Tauschen Sie sich auch mit anderen Gründer/innen aus?
Bis jetzt haben wir leider nicht so viele Möglichkeiten, uns mit anderen Gründern auszutauschen. Wir sitzen in verschiedenen Gebäuden. Deswegen freue ich mich auf gemeinsame Veranstaltungen. Wir suchen immer nach Kontakten zu jungen Wissenschaftlern (am besten Chemiker), die in unser Team neue Idee und Impulse bringen können.
Welchen Tipp geben Sie anderen Gründer/innen?
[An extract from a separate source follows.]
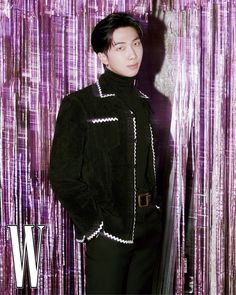 a young man standing in front of a purple curtain wearing a black jacket and pants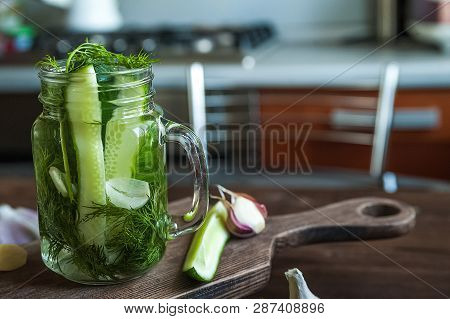 Marinated Cucumbers Gherkins. Pickles With Mustard And Garlic. Glass Jar With Fermented Cucumbers On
Am besten lernt man aus den Fehlern, die man selbst gemacht hat. Ein Problem für uns war, dass es unserem Projekt an einer Struktur gefehlt hat. Grund dafür war vermutlich auch, dass wir aufgrund unserer finanziellen Lage keinen richtigen Arbeitsplatz hatten. Wir möchten uns nun eine gute Struktur erarbeiten und uns greifbare und realistische Ziele setzten.
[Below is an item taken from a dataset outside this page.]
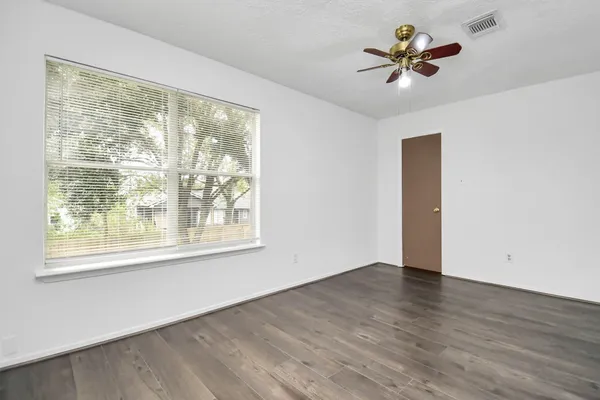 a view of an empty room with a window and wooden floor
Ich denke, es ist sehr wichtig, dass man von Leuten und Kollegen umgeben ist, die an das Projekt oder Produkt wirklich glauben. Zudem ist es sehr wichtig, Dinge, die nicht so gut laufen, sofort zu ändern und nicht erst ein halbes Jahr später.
Haben Sie Pläne zur Herstellung weiterer Produkte aus Ihrem entwickelten Material? Was sind Ihre langfristigen Pläne?
Wir bei cp!s haben die Vision, Trendsetter für ansprechende Nachhaltigkeit zu werden. Und das ist schon ganz mutig, denke ich. Brillen sind unser proof-of-concept-Produkt. Daran wollen wir unsere Technologie und unser Kommunikationskonzept testen. Das größte Ziel ist unsere Kollektion auf den Markt zu bringen. Am Anfang möchten wir im Fashion-Bereich bleiben und als nächstes mit der Biokompatibilität von unserem Material arbeiten und z.B. Spielzeuge für Kinder entwickeln. Unser Ziel ist es, neben eigenen Produkten uns selbst und verschiedene Firmen in ökologischen und ökonomischen Thematiken weiter zu bilden. Aber alles ist noch offen und wir freuen uns auf die nächste Zeit.